Using managed GKE clusters

Initial setup

Install the GKE plugin

Install the GKE plugin from the store.

Prepare your local gcloud, docker and kubectl commands

Follow the GCP documentation to make sure that:

  • Your local (on the DSS machine) gcloud command has the appropriate permissions and scopes to:

    • push to the Google Container Registry (GCR) service
    • have full control on the GKE service.
  • Your local (on the DSS machine) kubectl command is installed

  • Your local (on the DSS machine) docker command is installed, can build images and push them to GCR. The latter can be enabled by running the gcloud auth configure-docker command.

Create base images

Build the base image as indicated in Setting up (Kubernetes).

Create a new execution config

In Administration > Settings > Containerized execution, add a new execution config of type “Kubernetes.”

  • In GCP, there is only a single shared image repository URL, gcr.io. Access control is based on image names. Therefore tha repository URL to use is gcr.io/your-gcp-project-name.

Click on “Push base images.”

Cluster configuration

Connection

The connection is where you define how to connect to GCP. This can be done either inline in each cluster (not recommended), or as a preset in the “GKE connection” plugin settings (recommended).

Network settings

The network field refers to the Virtual Private Network (VPC) where the cluster will be deployed. The sub-network field defines the IP space within that VPC where the pod IPs will be allocated. If left blank, those fields will use default network settings which specifics are explained in the GCP documentation.

Cluster nodes

This is where you define the number and type of nodes you want in your cluster. You can define the properties of a node pool either inline (not recommended) or as a preset in the “Node pools” plugin settings (recommended). You have the possibility to define multiple node pools, each with its own properties.

Using GPUs

GCP provides GPU-enabled instance with NVIDIA GPUs. Several steps are required in order to use them for containerized execution.

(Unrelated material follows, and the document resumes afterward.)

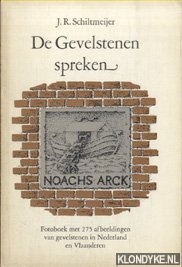 Schiltmeijer, J.R. - De gevelstenen spreken. Fotoboek met 275 afbeeldingen van gevelstenen in Nederland en Vlaanderen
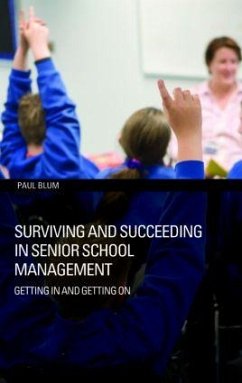 Surviving and Succeeding in Senior School Management - Blum, Paul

Build a CUDA-enabled base image

The base image that is built by default (see Setting up (Kubernetes)) does not have CUDA support and cannot use NVIDIA GPUs.

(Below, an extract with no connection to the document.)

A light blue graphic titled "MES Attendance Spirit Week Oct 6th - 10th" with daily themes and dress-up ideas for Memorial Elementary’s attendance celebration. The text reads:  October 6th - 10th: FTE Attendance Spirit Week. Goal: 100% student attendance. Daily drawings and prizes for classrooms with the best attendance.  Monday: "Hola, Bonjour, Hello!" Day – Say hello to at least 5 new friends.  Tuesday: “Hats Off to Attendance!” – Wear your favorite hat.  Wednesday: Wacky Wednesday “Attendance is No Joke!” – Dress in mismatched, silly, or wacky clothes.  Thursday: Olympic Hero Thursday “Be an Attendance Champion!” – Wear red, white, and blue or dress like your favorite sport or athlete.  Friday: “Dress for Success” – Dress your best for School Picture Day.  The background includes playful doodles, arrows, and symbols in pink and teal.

You need to build a CUDA-enabled base image.

Then create a new container configuration dedicated to running GPU workloads. If you specified a tag for the base image, report it in the “Base image tag” field.

Enable GPU support on the cluster

When you create your cluster using the GKE plugin, in the node pool settings make sure that you have the “With GPU” option enabled. Follow the GCP documentation to select the GPU type.

At cluster creation, the plugin will run the NVIDIA driver “DaemonSet” installation procedure, which needs several minutes to complete.

Add a custom reservation

In order for your containerized execution task to run on nodes with GPUs and for GKE to configure the CUDA driver on your containers, the corresponding pods must be created with a custom limit (in Kubernetes parlance) to indicate that you need a specific type of resource (standard resource types are CPU and memory).

You must configure this limit in the containerized execution configuration:

  • In the “Custom limits” section, add a new entry with key nvidia.com/gpu and value 1 (to request 1 GPU).
  • Don’t forget to add the new entry and save your settings.

Deploy

You can now deploy your GPU-based recipes and models.